We all know the facts of life. Whether biological or sociological, lives begin with acts of conception. From there, the generated life forms witness development, then birth, then more development and, finally, maturity. Maturity is then inevitably met with miscellaneous disruptions, aging and eventual obsolescence, then death. So it is with human beings and our undertakings. And so it will likely be with the financial services industries. 
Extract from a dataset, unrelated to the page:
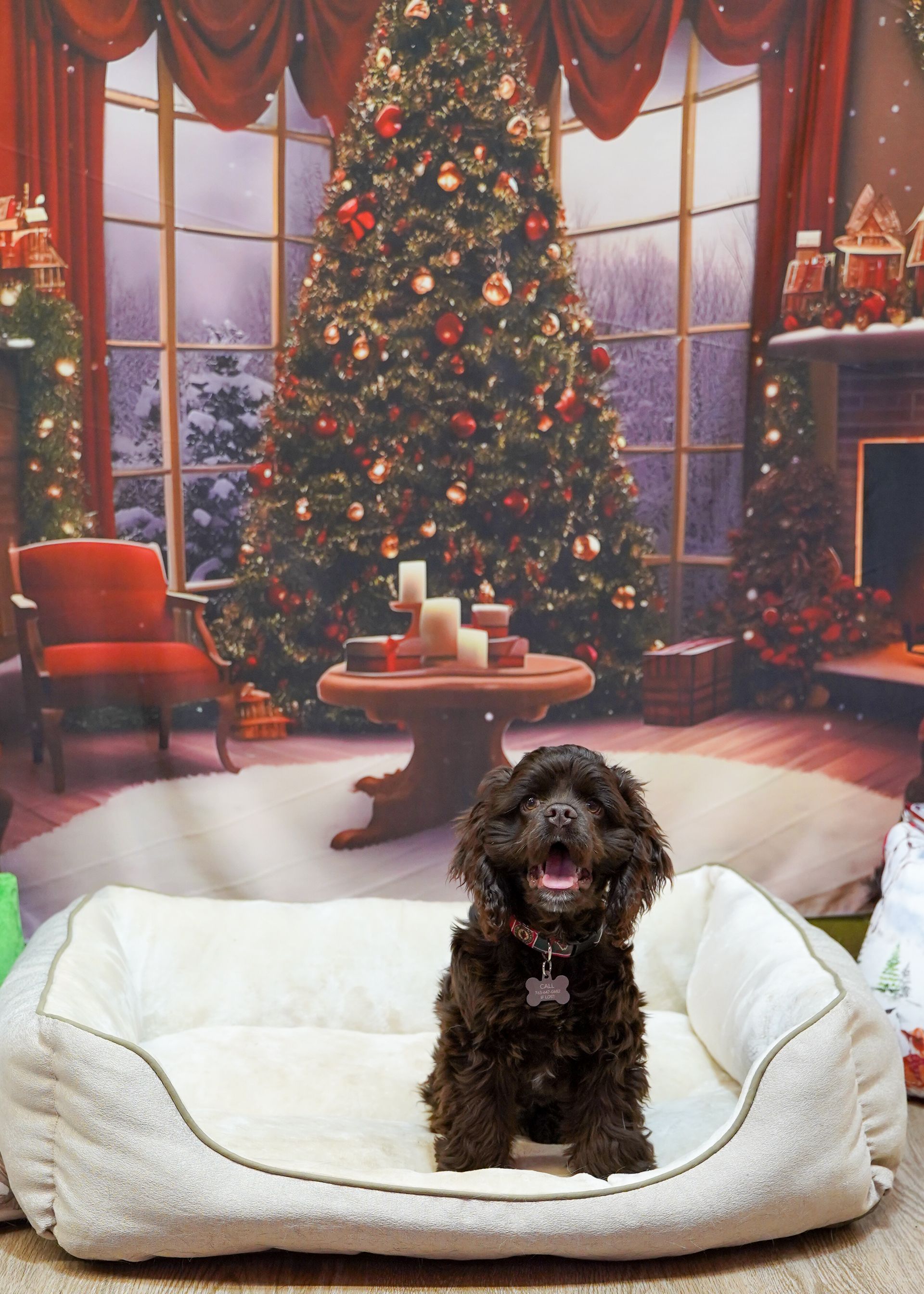 Brown dog sits in a dog bed, smiling in front of a Christmas tree backdrop.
Right now, these industries are in their maturity and disruption phases. IMHO, they generally do a good job, especially in light of sales volumes and uncertainties. Yet, despite the daily realities whereby they are all duly occupied with the care and keeping of profoundly complex financial services industry products, they have all wanted to claim and control a chunk of what we are now calling “financial planning.” 

Shame on them. 

Financial Services Industries

History gives perspective. The “financial services industries” are defined in Wikipedia as follows:

“Financial services are the economic services provided by the finance industry, which encompasses a broad range of businesses that manage money, including credit unions, banks, credit-card companies, insurance companies, accountancy companies, consumer-finance companies, stock brokerages, investment funds and some government-sponsored enterprises.”

Today, Industry can be roughly summarized as banking, investments and insurance, plus their offshoots. Each of these sectors has developed in-house sales forces presented to the public under the guise of “financial planning” but actually serving as marketing arms. Note how the Wikipedia definition excludes businesses and professions serving single individuals one-at-a-time—financial planners, lawyers and accountants.
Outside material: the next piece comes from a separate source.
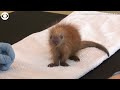 Baby porcupine being cared for by staff at Brookfield Zoo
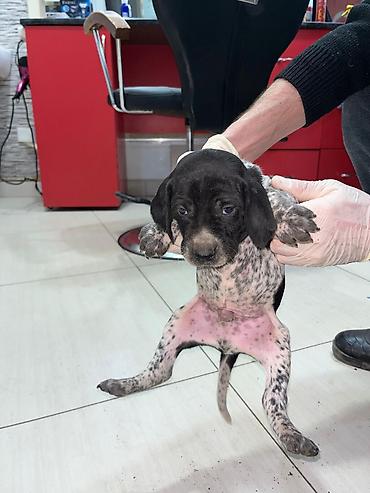 İtlər: Peyvəndli — 2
These primary financial services industries have intriguing and admirable histories. For example, banking dates back 4,000 to 5,000 years; investments and insurance are much younger.

In contrast, securities can only be traced back to the 11th century. In 1602, the Dutch East India Company became the world’s first publicly traded company. With greater resemblance to modern times, the 19th century witnessed stock exchanges becoming common throughout the world.
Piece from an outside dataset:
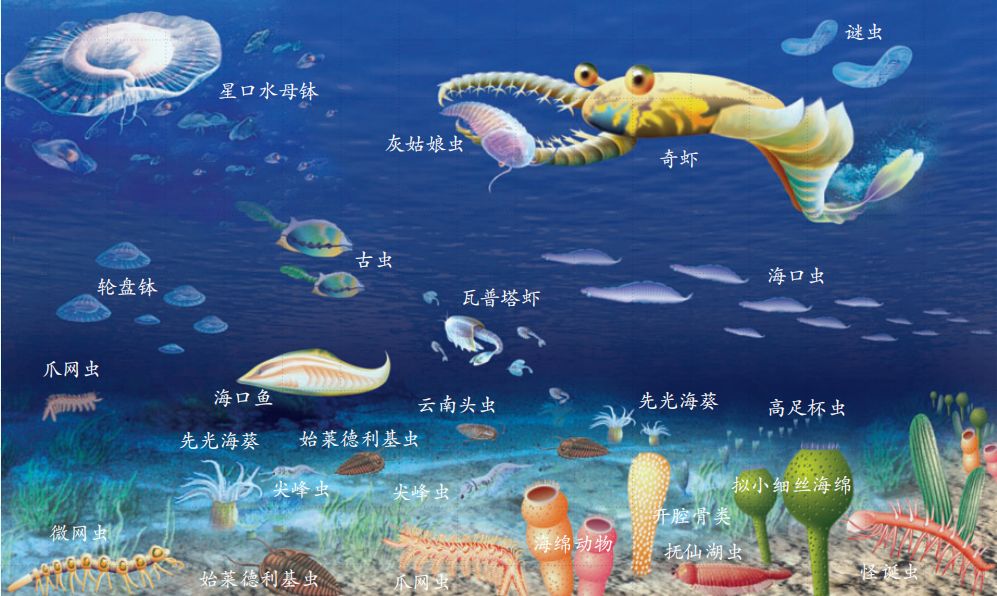 中国自然好书奖，“不得不听的化石故事”！(4)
The life span of insurance in history depends on how you count. It is probably fair to credit its start with maritime insurance dating back to the Greek and Roman empires. However, the seeds of modern insurance were basically planted in 1688 with Lloyd’s of London—a coffee shop that became a business center for pooling and allocating the many risks of shipping. In so doing, it became a progenitor of the modern insurance industry. Lloyd’s continues to this day.

It might stretch the point, but the life insurance industry can arguably date itself to the Roman Empire and the burial clubs popular among Roman troops. However, life insurance as we know it today really began in the 18th century with the Presbyterian Synod of Philadelphia offering life insurance to Presbyterian ministers. Other forms of insurance also got their starts in the 18th century. Mutual companies developed in the 19th century.

Nonetheless, it was not until the 20th century that Industry evolved into the powerfully moneyed behemoth we have come to know and love. During this time, the financial services industries evolved new and effective risk management tools. Along the way, their actuaries, lawyers and sales forces generated some amazing products designed to help folks meet the financial demands, risks and opportunities of their lives. Notably, they developed enormous menus of insurance options, banking services and investment products. By spreading risks, they enabled both functionality and family security while providing cover for immense risks.

In so doing, postwar Industry became big, brawny and immensely powerful. Unfortunately, although it could develop complex products, it was just not very sensitive to the needs of ordinary folks. Each individual sector had its sales forces, but these were not integrated, comprehensive or individualized. Product delivery was anarchic, expensive and inefficient.